Find "Amity Bench In" in the records that follow; print that line and each subsequent line through the last one, verbatim and with nothing added.

BEGIN EXERCISE MATERIAL

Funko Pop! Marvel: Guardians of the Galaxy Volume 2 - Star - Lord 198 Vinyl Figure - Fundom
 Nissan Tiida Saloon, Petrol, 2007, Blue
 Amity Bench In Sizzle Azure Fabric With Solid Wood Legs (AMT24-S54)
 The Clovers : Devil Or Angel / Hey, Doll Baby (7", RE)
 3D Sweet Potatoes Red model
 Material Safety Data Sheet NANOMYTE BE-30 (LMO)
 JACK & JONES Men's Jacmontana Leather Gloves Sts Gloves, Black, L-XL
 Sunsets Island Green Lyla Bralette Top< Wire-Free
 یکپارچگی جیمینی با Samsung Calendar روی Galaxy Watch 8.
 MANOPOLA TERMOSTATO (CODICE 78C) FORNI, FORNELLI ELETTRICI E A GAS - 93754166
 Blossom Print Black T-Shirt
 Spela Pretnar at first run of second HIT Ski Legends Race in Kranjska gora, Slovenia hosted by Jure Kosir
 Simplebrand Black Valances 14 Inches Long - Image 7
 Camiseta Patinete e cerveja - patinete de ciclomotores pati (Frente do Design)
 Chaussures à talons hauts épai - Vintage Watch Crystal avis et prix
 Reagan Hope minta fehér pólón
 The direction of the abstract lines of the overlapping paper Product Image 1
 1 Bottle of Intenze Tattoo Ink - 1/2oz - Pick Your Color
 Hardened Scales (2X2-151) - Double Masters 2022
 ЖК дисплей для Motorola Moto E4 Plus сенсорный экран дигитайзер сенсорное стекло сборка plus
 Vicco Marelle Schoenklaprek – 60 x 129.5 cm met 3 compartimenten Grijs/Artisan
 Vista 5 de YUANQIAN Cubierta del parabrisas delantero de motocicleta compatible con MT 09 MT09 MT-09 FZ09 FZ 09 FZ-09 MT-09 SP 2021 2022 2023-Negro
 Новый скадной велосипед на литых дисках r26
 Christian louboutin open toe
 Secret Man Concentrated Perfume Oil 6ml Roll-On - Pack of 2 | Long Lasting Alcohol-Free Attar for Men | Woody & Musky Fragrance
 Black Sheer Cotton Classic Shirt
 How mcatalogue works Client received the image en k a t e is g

END EXERCISE MATERIAL

— EXERCISE ANSWER —
 Amity Bench In Sizzle Azure Fabric With Solid Wood Legs (AMT24-S54)
 The Clovers : Devil Or Angel / Hey, Doll Baby (7", RE)
 3D Sweet Potatoes Red model
 Material Safety Data Sheet NANOMYTE BE-30 (LMO)
 JACK & JONES Men's Jacmontana Leather Gloves Sts Gloves, Black, L-XL
 Sunsets Island Green Lyla Bralette Top< Wire-Free
 یکپارچگی جیمینی با Samsung Calendar روی Galaxy Watch 8.
 MANOPOLA TERMOSTATO (CODICE 78C) FORNI, FORNELLI ELETTRICI E A GAS - 93754166
 Blossom Print Black T-Shirt
 Spela Pretnar at first run of second HIT Ski Legends Race in Kranjska gora, Slovenia hosted by Jure Kosir
 Simplebrand Black Valances 14 Inches Long - Image 7
 Camiseta Patinete e cerveja - patinete de ciclomotores pati (Frente do Design)
 Chaussures à talons hauts épai - Vintage Watch Crystal avis et prix
 Reagan Hope minta fehér pólón
 The direction of the abstract lines of the overlapping paper Product Image 1
 1 Bottle of Intenze Tattoo Ink - 1/2oz - Pick Your Color
 Hardened Scales (2X2-151) - Double Masters 2022
 ЖК дисплей для Motorola Moto E4 Plus сенсорный экран дигитайзер сенсорное стекло сборка plus
 Vicco Marelle Schoenklaprek – 60 x 129.5 cm met 3 compartimenten Grijs/Artisan
 Vista 5 de YUANQIAN Cubierta del parabrisas delantero de motocicleta compatible con MT 09 MT09 MT-09 FZ09 FZ 09 FZ-09 MT-09 SP 2021 2022 2023-Negro
 Новый скадной велосипед на литых дисках r26
 Christian louboutin open toe
 Secret Man Concentrated Perfume Oil 6ml Roll-On - Pack of 2 | Long Lasting Alcohol-Free Attar for Men | Woody & Musky Fragrance
 Black Sheer Cotton Classic Shirt
 How mcatalogue works Client received the image en k a t e is g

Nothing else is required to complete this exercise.